• Aim of the exercise: Below is a listing; print exactly its lines from the one containing "Hi guys, hello, good" down to the one containing "Then we combine", both inclusive, with every picture left out.

• Extracted records:

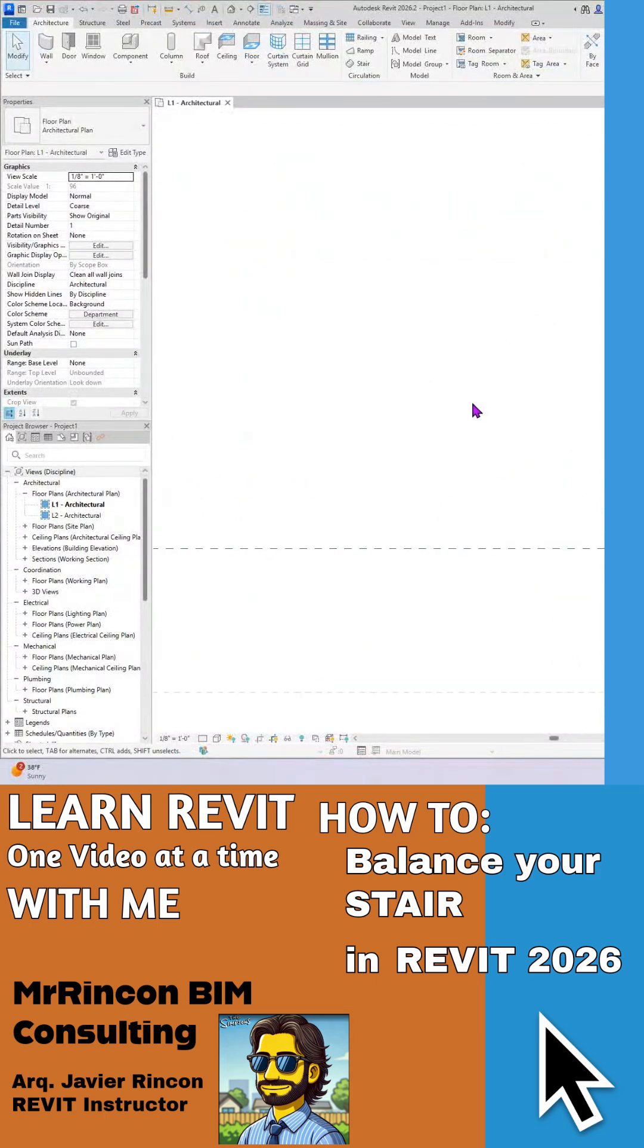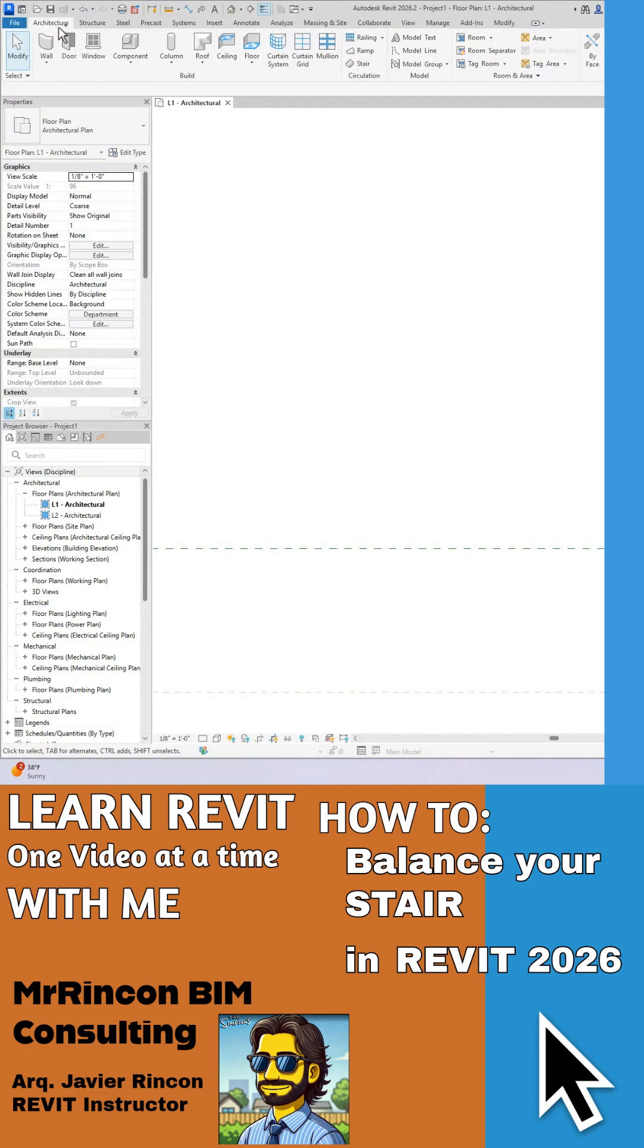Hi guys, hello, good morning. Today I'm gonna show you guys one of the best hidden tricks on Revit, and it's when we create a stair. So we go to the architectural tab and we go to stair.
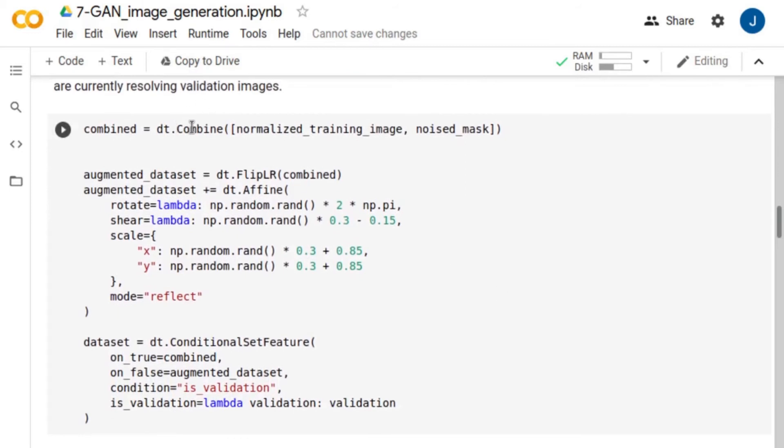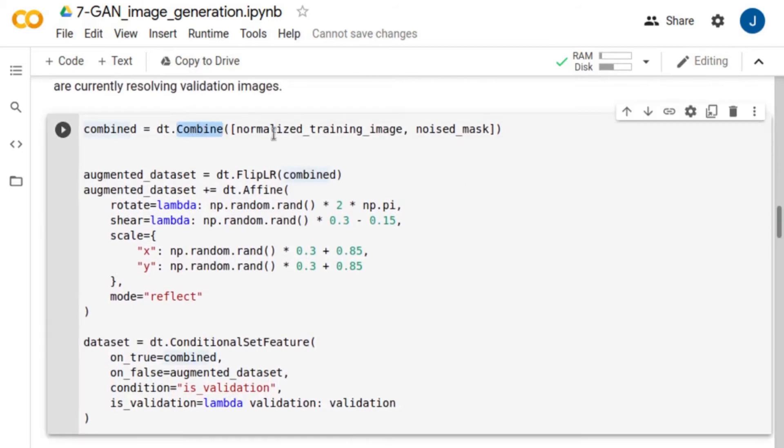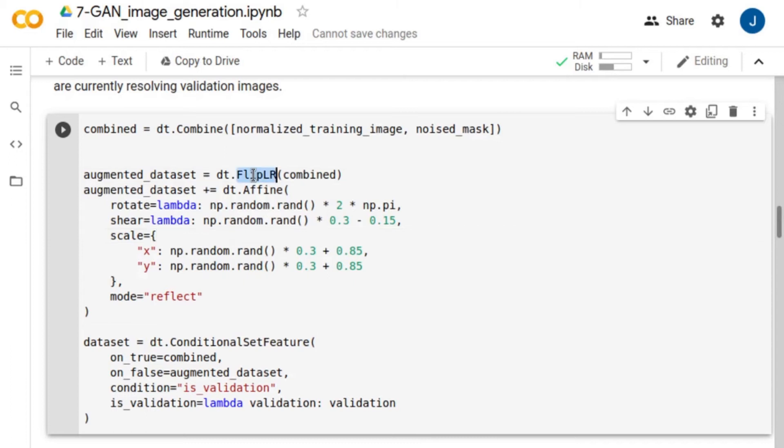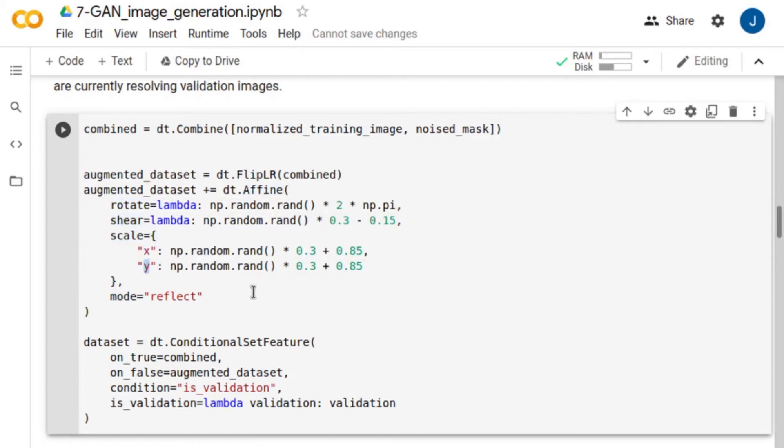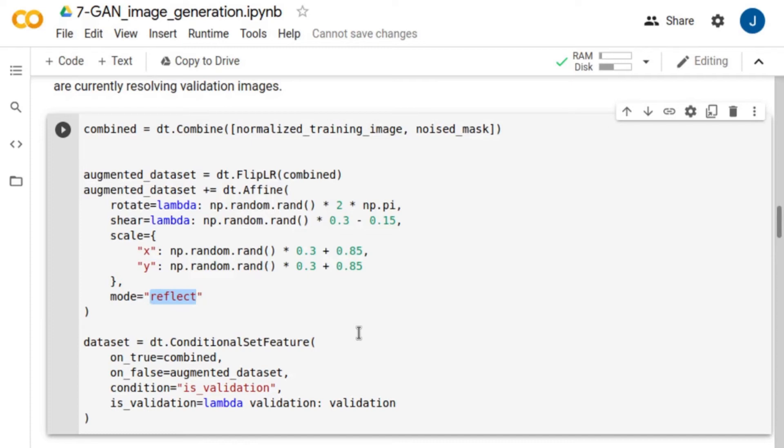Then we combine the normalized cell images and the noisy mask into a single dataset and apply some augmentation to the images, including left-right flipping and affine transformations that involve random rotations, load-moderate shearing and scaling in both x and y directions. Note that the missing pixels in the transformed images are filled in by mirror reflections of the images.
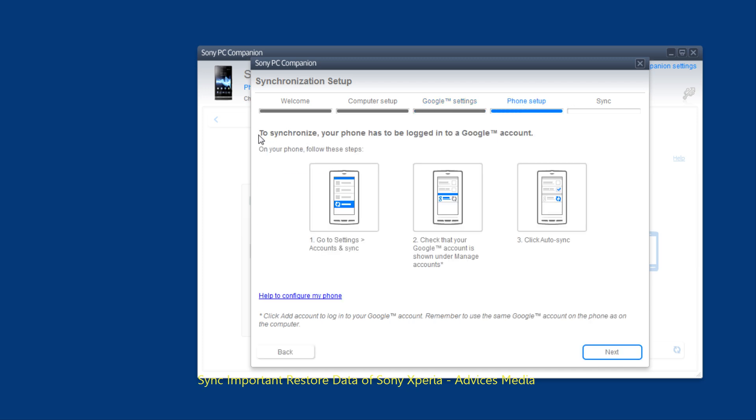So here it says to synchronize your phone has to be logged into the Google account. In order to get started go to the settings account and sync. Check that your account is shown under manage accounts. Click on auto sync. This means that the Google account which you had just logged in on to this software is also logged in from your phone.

...

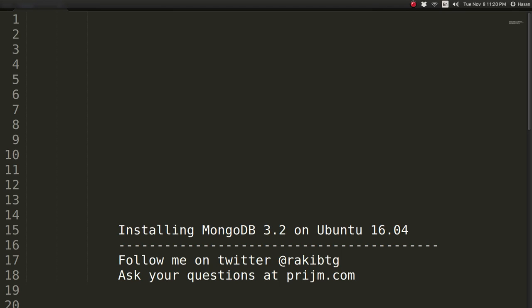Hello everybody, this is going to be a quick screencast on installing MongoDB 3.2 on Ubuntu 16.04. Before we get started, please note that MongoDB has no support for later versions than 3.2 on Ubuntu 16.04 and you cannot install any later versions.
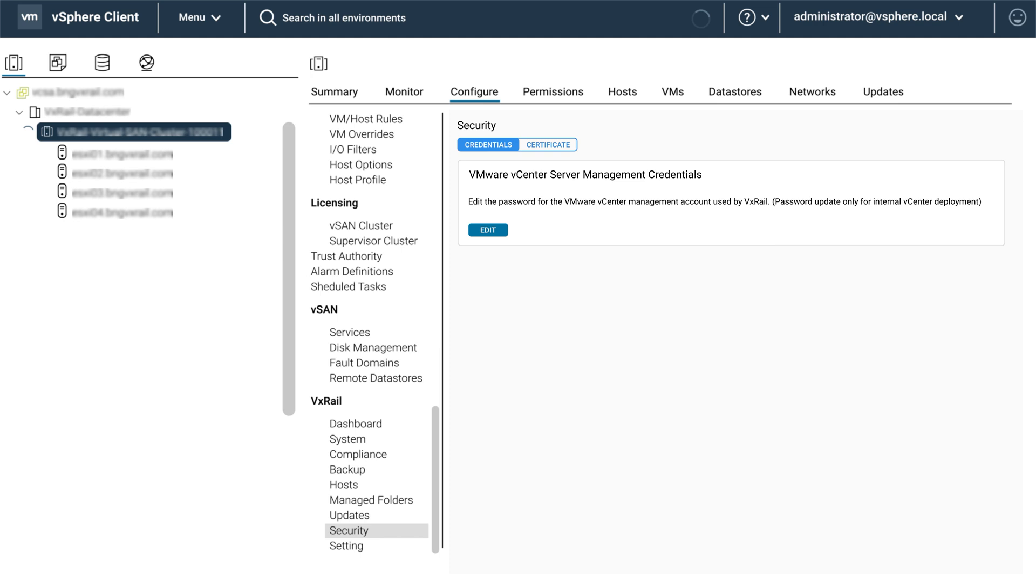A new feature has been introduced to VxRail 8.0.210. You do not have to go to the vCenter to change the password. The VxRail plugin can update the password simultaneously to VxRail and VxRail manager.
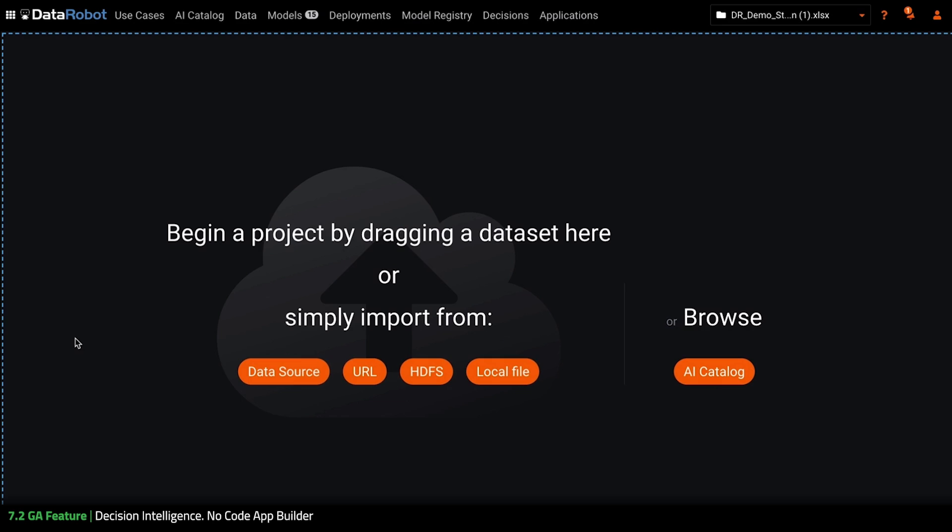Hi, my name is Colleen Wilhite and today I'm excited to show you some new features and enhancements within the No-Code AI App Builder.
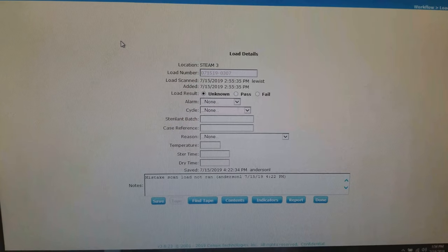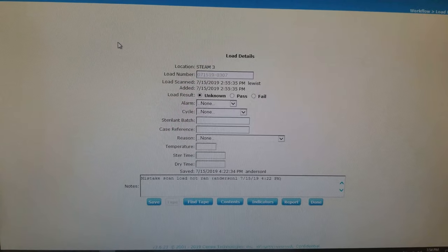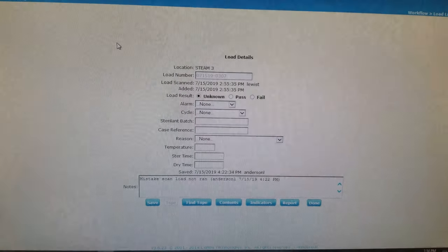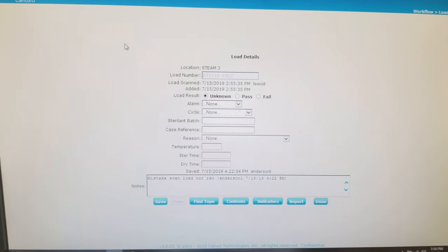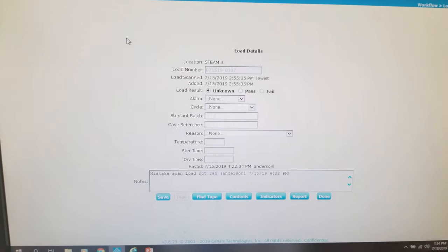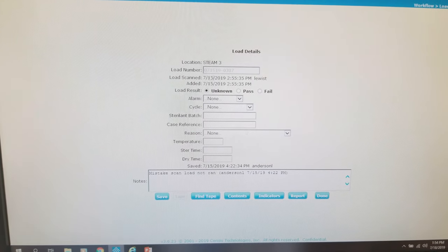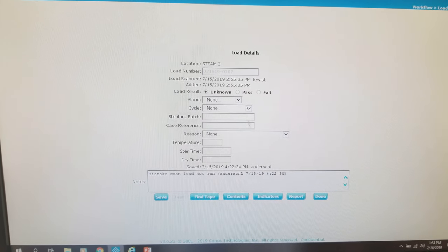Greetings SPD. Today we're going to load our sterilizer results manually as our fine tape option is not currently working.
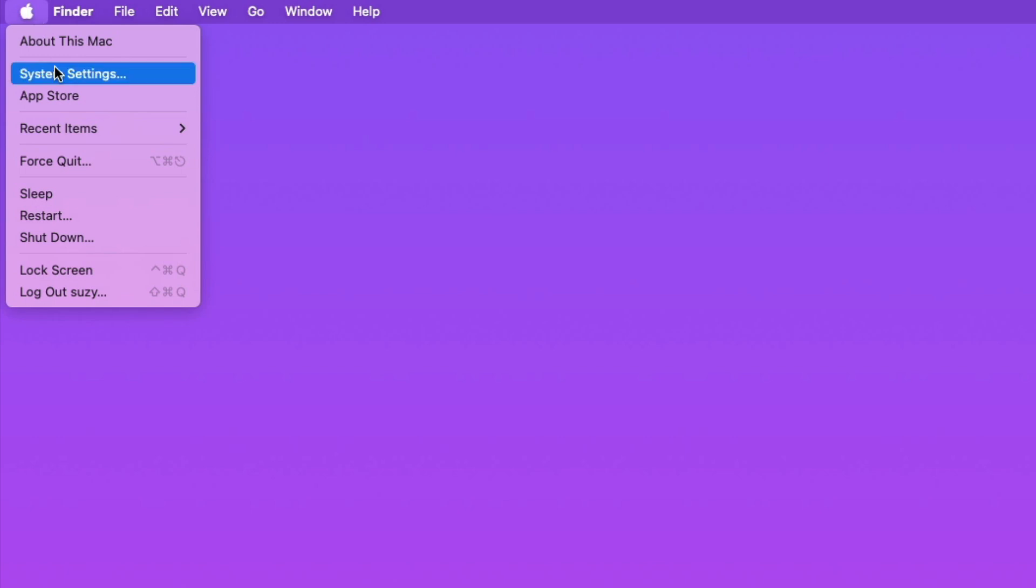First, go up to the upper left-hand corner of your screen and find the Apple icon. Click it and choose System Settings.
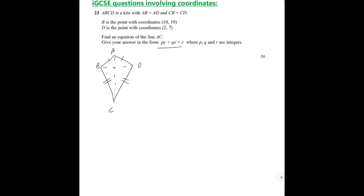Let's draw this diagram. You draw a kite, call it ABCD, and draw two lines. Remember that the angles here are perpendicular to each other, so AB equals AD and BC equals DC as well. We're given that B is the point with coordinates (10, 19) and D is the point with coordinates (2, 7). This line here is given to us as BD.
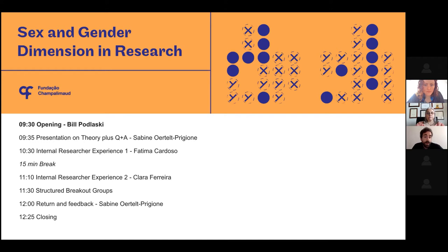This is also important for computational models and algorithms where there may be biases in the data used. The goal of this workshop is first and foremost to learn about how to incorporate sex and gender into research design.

• Reply:
Hi guys, hello, good morning. Today I'm gonna show you guys one of the best hidden tricks on Revit, and it's when we create a stair. So we go to the architectural tab and we go to stair.
Then we combine the normalized cell images and the noisy mask into a single dataset and apply some augmentation to the images, including left-right flipping and affine transformations that involve random rotations, load-moderate shearing and scaling in both x and y directions. Note that the missing pixels in the transformed images are filled in by mirror reflections of the images.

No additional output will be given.